Bassi-Burgatti

Istituto di Istruzione Superiore

L’uscita didattica svolta a Bologna è stata un vero percorso nella memoria e nella coscienza civile. Attraverso i luoghi segnati da due tragedie che hanno colpito profondamente l’Italia — la Strage di Bologna e la tragedia di Ustica — gli studenti hanno avuto l’occasione di confrontarsi con il dolore, il silenzio e il bisogno di verità che ancora oggi accompagnano questi eventi. A partecipare sono state tutte le classi quinte del nostro istituto, per un totale di 271 studenti e studentesse: una partecipazione numerosa che ha dimostrato quanto sia importante, soprattutto per le nuove generazioni, confrontarsi con la storia e con il significato della memoria collettiva.

Arrivare alla stazione di Bologna Centrale ha suscitato una sensazione particolare. Sapere che proprio lì, il 2 agosto 1980, una bomba abbia spezzato la vita di 85 persone rende quel luogo diverso da qualsiasi altro. Ascoltando le testimonianze dei familiari, dei sopravvissuti e di chi era presente quel giorno, si è capito che la memoria non è qualcosa di distante o astratto, ma una realtà che continua a vivere nei luoghi, nelle persone e nelle emozioni.

La visita al Museo per la Memoria di Ustica è stata forse ancora più intensa. Entrare nello spazio che custodisce il relitto del DC-9 Itavia ha creato un’atmosfera difficile da descrivere. Il silenzio, le luci soffuse e le voci dell’installazione artistica sembravano raccontare storie interrotte troppo presto. Ogni dettaglio invitava a fermarsi e riflettere. Non si trattava solo di osservare i resti di un aereo, ma di percepire il peso umano di una tragedia che ancora oggi lascia molte domande senza risposta.

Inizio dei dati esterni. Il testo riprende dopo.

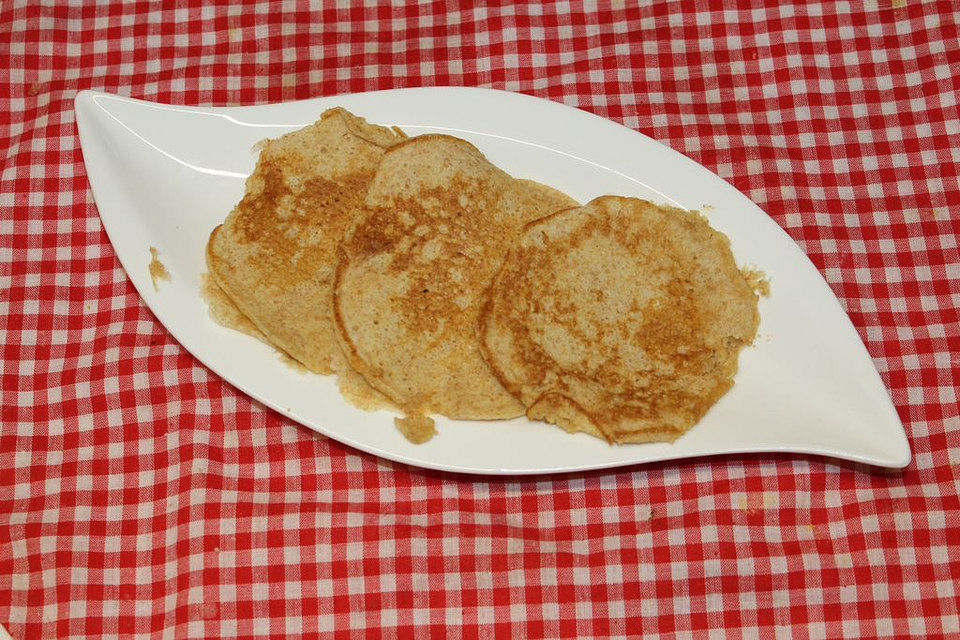 Pancakes mit Johghurt, Proteinpulver und Dinkelmehl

“Ciò che ha colpito maggiormente è stato comprendere quanto sia importante ricordare. Spesso eventi come questi vengono studiati velocemente nei libri di storia. Trovarsi invece nei luoghi reali cambia completamente la prospettiva: ci si rende conto che dietro ai numeri ci sono vite, famiglie, sogni e persone comuni”, raccontano alcuni studenti.

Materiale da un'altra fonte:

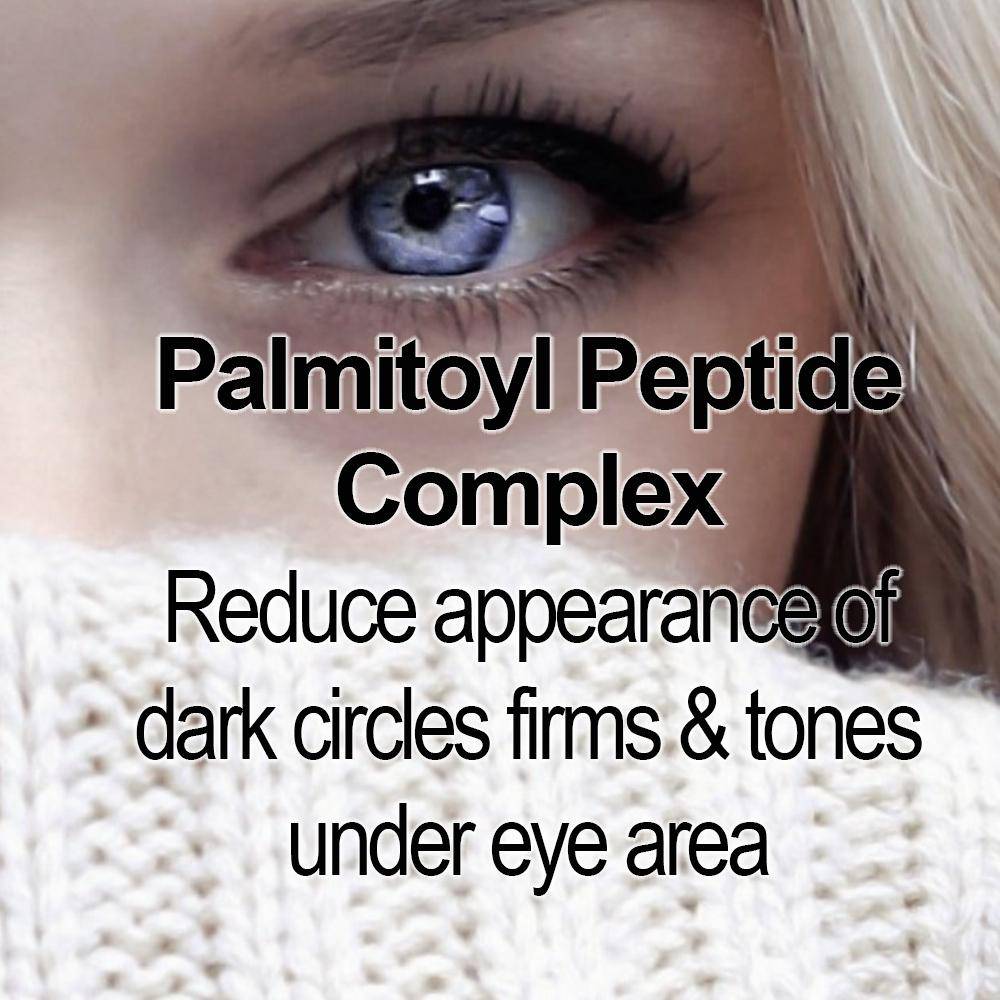 Woman's eye with text about Palmitoyl Peptide Complex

“Questa esperienza ci ha fatto capire che la memoria non serve soltanto a conservare il passato, ma anche a costruire il futuro. Ricordare significa assumersi la responsabilità di non restare indifferenti, di cercare la verità e di difendere i valori della democrazia e della giustizia”.

“Siamo tornati da questa uscita con molte emozioni e domande, ma soprattutto con una maggiore consapevolezza. Alcuni luoghi non si visitano soltanto: si ascoltano, si rispettano e si portano dentro di sé”.

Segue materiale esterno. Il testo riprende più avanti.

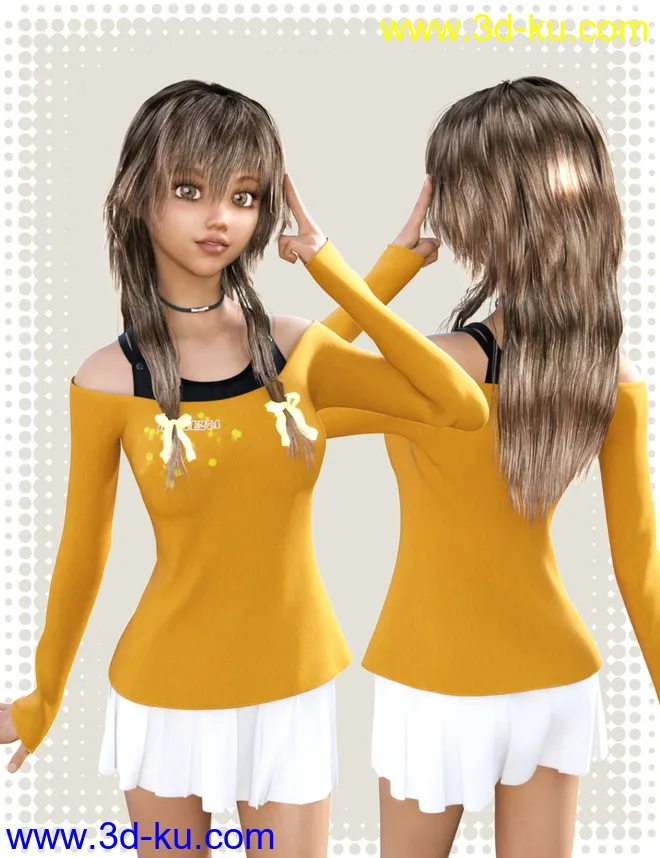 dForce Spring Casual Outfit for Genesis 8 Female(s)模型的图片2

Ringrinziamo la docente Francesca Roveri per aver organizzato le uscite didattiche in collaborazione con l’ Associazione tra i Familiari delle Vittime della Strage della Stazione di Bologna del 2 Agosto 1980, la docente universitaria Cinzia Venturoli per aver offerto alle classi una ricostruzione del contesto storico/sociale in cui si collocarono gli avvenimenti.